RE100電力が低圧の系統用蓄電所の事業者に新たなサービスを始めた。26年内に系統連系できる案件を対象にアグリゲーションなどの運用を支援していく。

RE100電力は、難易度の高い低圧蓄電所のアグリゲーションを始める

2026年4月、低圧リソースの需給調整市場取引が認められることになった。一次調整力取引も、一定の信頼性を条件に暫定的に先行導入が認められることになり、低圧蓄電所の開発が急速に活気づいている。

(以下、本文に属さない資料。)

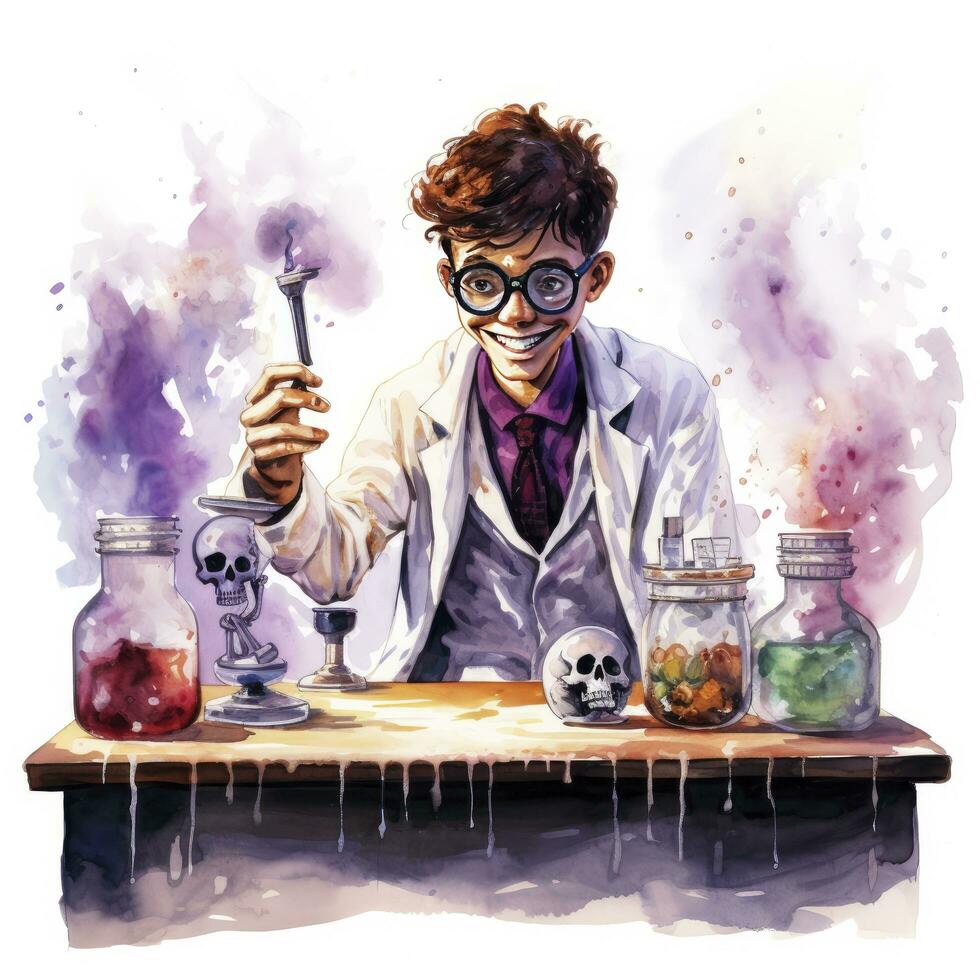 AI generated A student in a science classroom with lab equipment, watercolor. AI Generated photo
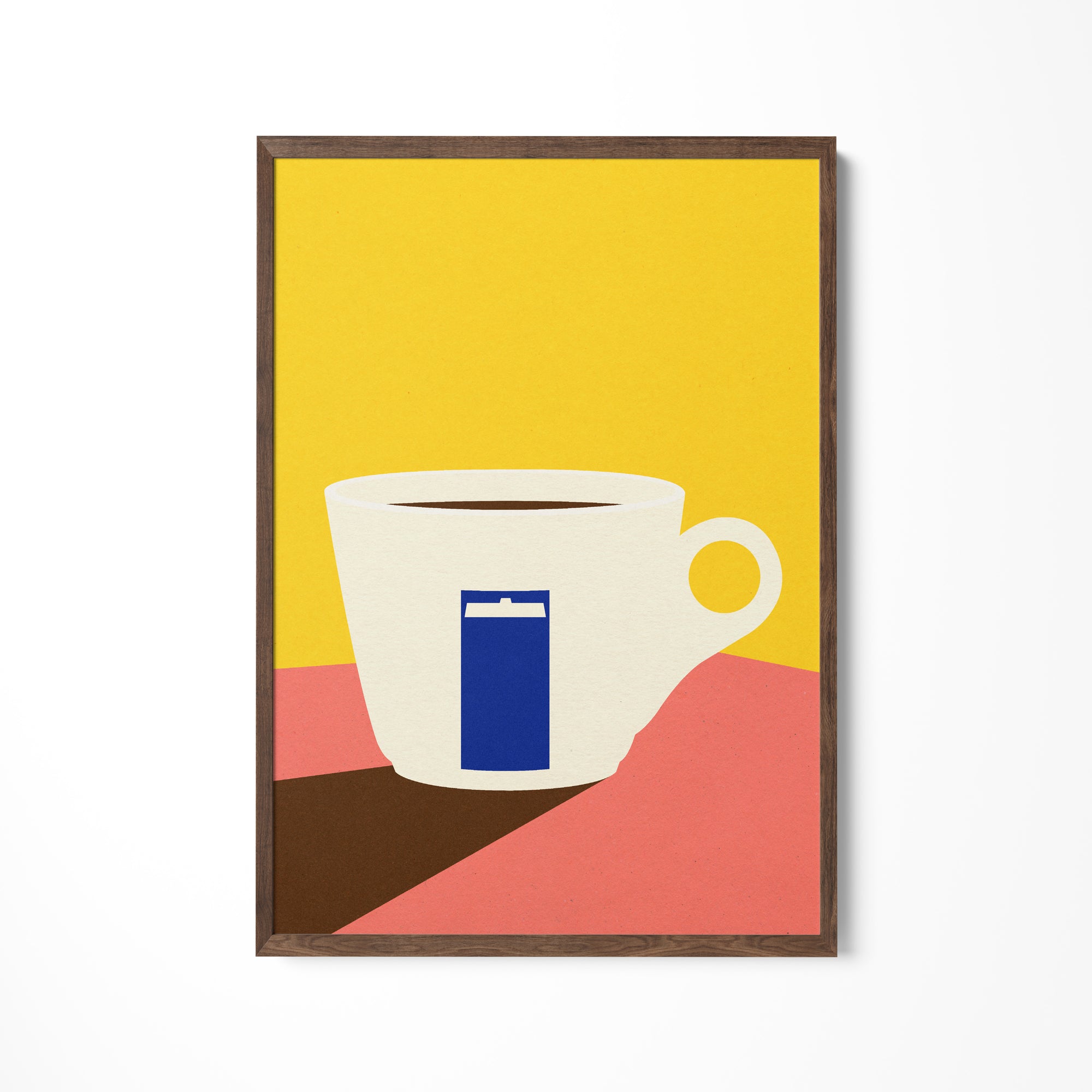 a painting of a cup of coffee on a yellow background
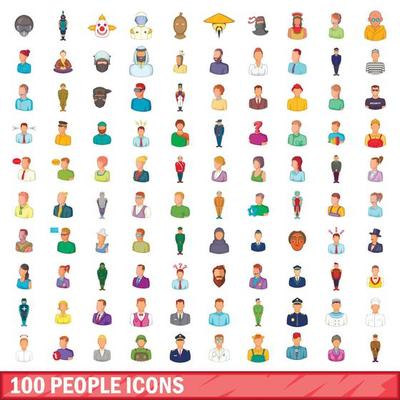 100 accesorios para mujer, conjunto de iconos de estilo de dibujos animados  8700327 Vector en Vecteezy
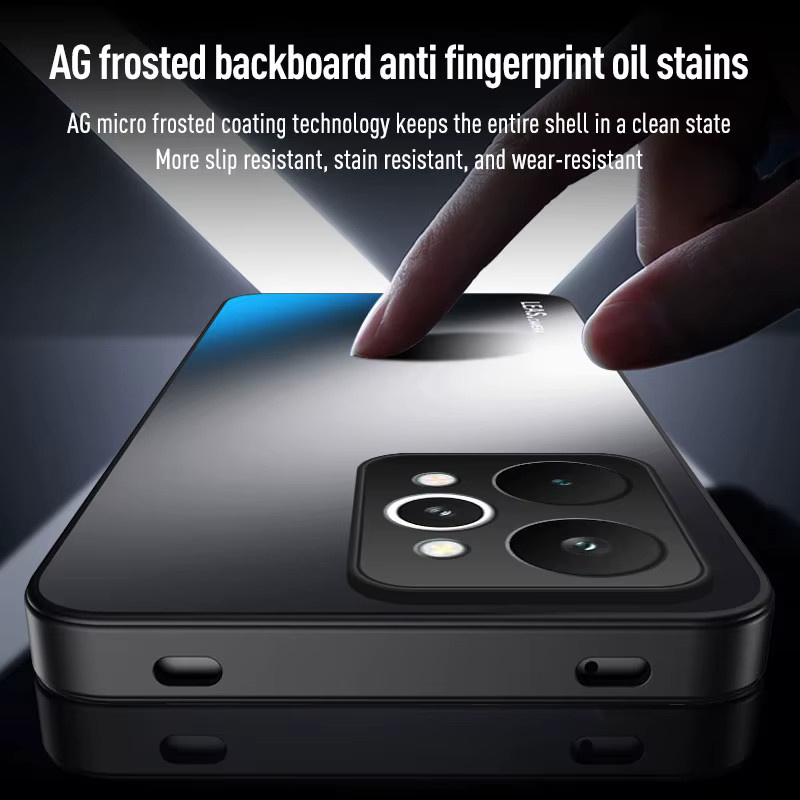 EUCAGR Handyhülle für Realme P4 Power, stoßfeste matte Rückseite aus TPU und PC, Blau und Schwarz - Bild 2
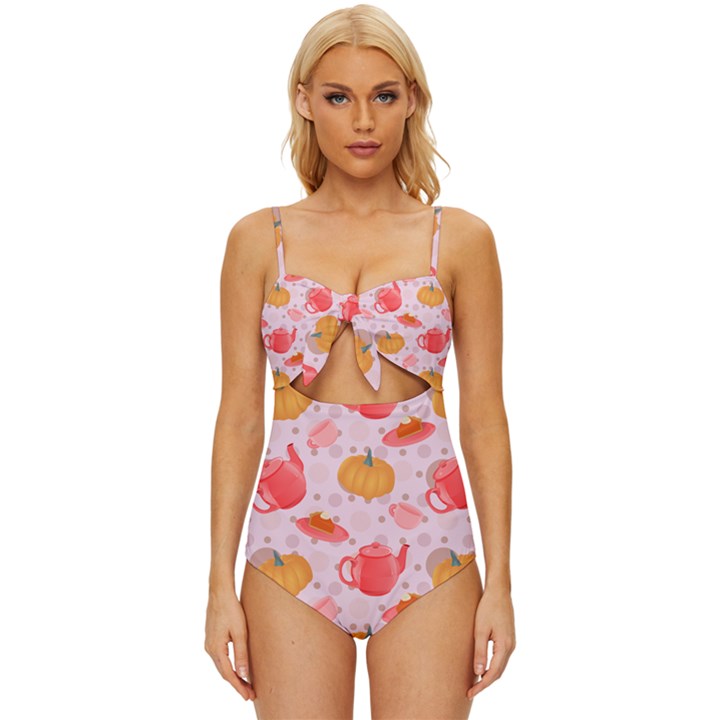 Pumpkin Tea Cup Pie Dessert Knot Front One-Piece Swimsuit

理由は、土地の選定において自由度が拡がるからである。近隣に電柱や高圧配電線があって、上位系統の空き容量など一定の条件が求められるにせよ、蓄電所1基あたり、最低6坪、20㎡程度の土地があればよいのだ。これにより、全国各地で系統協議の申請が殺到しており、その数8万件を超えたという話まである。

しかしながら、今のところ低圧蓄電所を21基以上束ねて需給調整市場で取引している事例は一つもない。実績はゼロなのだ。換言すれば、それほど運用面などにおいて難易度の高い事業なのかもしれない。

現に、需給調整市場の最低入札単位は出力1MW以上だから、単純計算で21基以上、最低でも25基程度の群制御が求められる。つまり、各地に低圧蓄電池とPCS(パワーコンディショナ)、EMS(エネルギー管理システム)を設置し、ローカルで各設備を制御しなければならない。そしてクラウドEMSで各蓄電所を集約・管理し、各市場で取引して収益を得ることになる。地点の数が多く、蓄電池の常時管理や遠隔監視、障害対応などの手間やコストは嵩むし、より高度なアグリゲーションが求められる。個別最適化が難しいのである。蓄電所ごとにオーナーが異なるという場合になると、各オーナーとの契約などを含めて手続きはより煩雑になるだろう。